INTERIM RESULTS FOR THE SIX MONTHS TO 31 DECEMBER 2012

Operational Highlights

·    Progression to last 16 of the European Champions League.

·    Currently top in the Clydesdale Bank Premier League.

·    Continued participation in the Scottish Cup.

·    Announcement of new shirt sponsorship deal with Magners commencing 1 July 2013.

Financial Highlights

·    Turnover increased by 71.0% to £50.06m (2011: £29.27m).

·    Operating expenses increased by 30.2% to £36.96m (2011: £28.39m).

·    Profit from trading of £13.10m (2011: £0.88m).

·    Profit on disposal of intangible assets £5.20m (2011: £3.15m).

·    Profit before taxation of £14.94m (2011:£0.18m).

·    Period end net bank debt of £0.13m (2011: £7.05m).

·    Investment in football personnel of £4.65m (2011: £4.44m).

·    19 home fixtures (2011: 16).

For further information contact:

Ian Bankier, Celtic plc Tel: 0141 551 4235
Peter Lawwell, Celtic plc Tel: 0141 551 4235
Iain Jamieson, Celtic plc Tel: 0141 551 4235

Celtic plc

CHAIRMAN'S STATEMENT

I am pleased to report on our financial results for the six months ended 31 December 2012. The introductory page to these interim results summarises the main highlights.

On the pitch it has been a memorable and highly successful period. We started the new season as Scottish Premier League Champions and, since then, we have enjoyed impressive results.  At the time of writing, we have a healthy lead in the race to retain our Premier League title and we remain in the Scottish FA Cup.

Of greater significance, though, has been the achievement of qualifying for the last 16 of the UEFA Champions League, the undoubted highlight being our victory over Barcelona at Celtic Park in November. Celtic surpassed the expectations of many by progressing into the competition's knockout stages from a very tough group. Furthermore, the club's international reputation and standing received a substantial boost. This success had a major bearing on our financial performance in the period under review.

The revenues generated by the team's success in Europe this year have significantly impacted our half year results, with turnover increasing to £50.06m, a 71% improvement over the previous year.
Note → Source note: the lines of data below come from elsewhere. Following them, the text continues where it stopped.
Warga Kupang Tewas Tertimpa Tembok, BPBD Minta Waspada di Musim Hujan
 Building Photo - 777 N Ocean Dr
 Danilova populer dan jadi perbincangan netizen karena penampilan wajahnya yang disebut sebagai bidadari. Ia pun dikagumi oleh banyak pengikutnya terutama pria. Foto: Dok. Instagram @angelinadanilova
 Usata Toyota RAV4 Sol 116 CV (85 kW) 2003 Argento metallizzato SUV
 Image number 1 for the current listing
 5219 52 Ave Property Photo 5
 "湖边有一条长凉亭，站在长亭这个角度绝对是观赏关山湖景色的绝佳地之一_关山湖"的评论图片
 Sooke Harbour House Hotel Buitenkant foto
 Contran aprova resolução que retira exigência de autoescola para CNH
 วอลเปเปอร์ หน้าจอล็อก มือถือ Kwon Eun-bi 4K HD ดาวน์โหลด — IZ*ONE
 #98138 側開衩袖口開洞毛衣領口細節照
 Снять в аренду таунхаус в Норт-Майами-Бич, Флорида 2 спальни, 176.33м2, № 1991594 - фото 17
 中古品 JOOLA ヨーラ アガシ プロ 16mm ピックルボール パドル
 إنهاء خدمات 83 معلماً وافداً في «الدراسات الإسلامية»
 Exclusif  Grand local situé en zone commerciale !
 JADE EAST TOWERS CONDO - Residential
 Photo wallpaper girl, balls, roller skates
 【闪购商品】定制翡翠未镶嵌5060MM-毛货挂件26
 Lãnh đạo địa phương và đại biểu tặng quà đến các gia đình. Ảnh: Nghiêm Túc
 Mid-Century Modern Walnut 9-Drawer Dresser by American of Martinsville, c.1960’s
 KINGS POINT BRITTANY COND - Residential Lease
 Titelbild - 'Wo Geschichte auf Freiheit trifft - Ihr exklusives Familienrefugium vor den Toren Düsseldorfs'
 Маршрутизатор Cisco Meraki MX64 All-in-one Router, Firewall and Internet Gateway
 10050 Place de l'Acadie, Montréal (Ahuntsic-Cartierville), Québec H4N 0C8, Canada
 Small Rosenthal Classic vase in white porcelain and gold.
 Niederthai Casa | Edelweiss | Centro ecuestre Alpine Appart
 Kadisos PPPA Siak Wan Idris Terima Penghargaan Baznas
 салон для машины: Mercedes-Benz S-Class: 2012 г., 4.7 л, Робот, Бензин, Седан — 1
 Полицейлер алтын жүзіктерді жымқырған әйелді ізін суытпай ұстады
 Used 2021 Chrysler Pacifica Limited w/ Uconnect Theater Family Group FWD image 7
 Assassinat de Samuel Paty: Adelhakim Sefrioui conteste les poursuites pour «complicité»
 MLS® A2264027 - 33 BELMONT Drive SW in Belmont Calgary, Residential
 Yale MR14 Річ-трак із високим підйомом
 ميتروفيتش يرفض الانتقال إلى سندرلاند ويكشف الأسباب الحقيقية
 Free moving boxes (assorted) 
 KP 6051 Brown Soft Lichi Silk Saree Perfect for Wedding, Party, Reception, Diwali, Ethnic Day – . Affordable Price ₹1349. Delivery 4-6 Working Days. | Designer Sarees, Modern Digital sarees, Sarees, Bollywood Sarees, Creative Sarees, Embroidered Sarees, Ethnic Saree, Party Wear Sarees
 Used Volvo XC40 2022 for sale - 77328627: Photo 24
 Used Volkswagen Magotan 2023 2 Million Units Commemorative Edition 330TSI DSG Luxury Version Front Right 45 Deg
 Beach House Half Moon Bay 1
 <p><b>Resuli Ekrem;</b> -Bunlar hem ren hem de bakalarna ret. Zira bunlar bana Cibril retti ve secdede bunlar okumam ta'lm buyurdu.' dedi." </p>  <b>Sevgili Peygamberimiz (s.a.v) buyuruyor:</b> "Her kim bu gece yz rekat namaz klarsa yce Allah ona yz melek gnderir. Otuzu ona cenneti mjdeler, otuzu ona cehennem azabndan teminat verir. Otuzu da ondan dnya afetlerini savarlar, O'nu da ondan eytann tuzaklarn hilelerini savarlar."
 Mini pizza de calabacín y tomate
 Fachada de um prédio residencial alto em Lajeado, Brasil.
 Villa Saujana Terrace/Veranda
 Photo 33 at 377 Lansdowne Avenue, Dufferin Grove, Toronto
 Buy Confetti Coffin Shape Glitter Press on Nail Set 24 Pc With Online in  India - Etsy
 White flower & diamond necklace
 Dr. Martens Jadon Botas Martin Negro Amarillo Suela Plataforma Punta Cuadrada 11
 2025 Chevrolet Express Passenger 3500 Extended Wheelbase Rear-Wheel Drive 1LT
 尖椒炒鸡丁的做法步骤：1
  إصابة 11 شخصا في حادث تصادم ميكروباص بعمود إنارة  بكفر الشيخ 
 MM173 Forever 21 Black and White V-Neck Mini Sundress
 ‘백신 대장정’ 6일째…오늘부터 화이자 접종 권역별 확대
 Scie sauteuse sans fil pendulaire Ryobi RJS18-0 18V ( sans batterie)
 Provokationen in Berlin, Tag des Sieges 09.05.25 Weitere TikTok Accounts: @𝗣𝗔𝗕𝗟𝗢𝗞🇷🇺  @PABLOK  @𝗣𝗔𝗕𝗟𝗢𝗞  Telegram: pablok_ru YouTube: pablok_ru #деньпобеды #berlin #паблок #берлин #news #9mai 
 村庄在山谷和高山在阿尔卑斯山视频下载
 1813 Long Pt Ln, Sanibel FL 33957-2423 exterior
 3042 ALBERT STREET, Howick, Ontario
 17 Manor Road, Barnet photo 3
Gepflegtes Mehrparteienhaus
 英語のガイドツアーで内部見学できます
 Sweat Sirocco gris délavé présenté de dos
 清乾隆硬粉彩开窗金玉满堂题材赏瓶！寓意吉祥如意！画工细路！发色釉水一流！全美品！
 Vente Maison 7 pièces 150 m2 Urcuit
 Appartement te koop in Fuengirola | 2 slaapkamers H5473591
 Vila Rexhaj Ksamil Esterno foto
Celtic's achievements, both domestically and in Europe, have had a similarly positive effect on merchandise and ticketing income, notwithstanding the current difficult economic climate.

The results on the park and additional matches produced an increase in operating expenses to £36.96m and our profit from trading, before asset transactions and exceptional operating expenses, was £14.94m - a significant uplift on last year's figure of £0.18m for the same period.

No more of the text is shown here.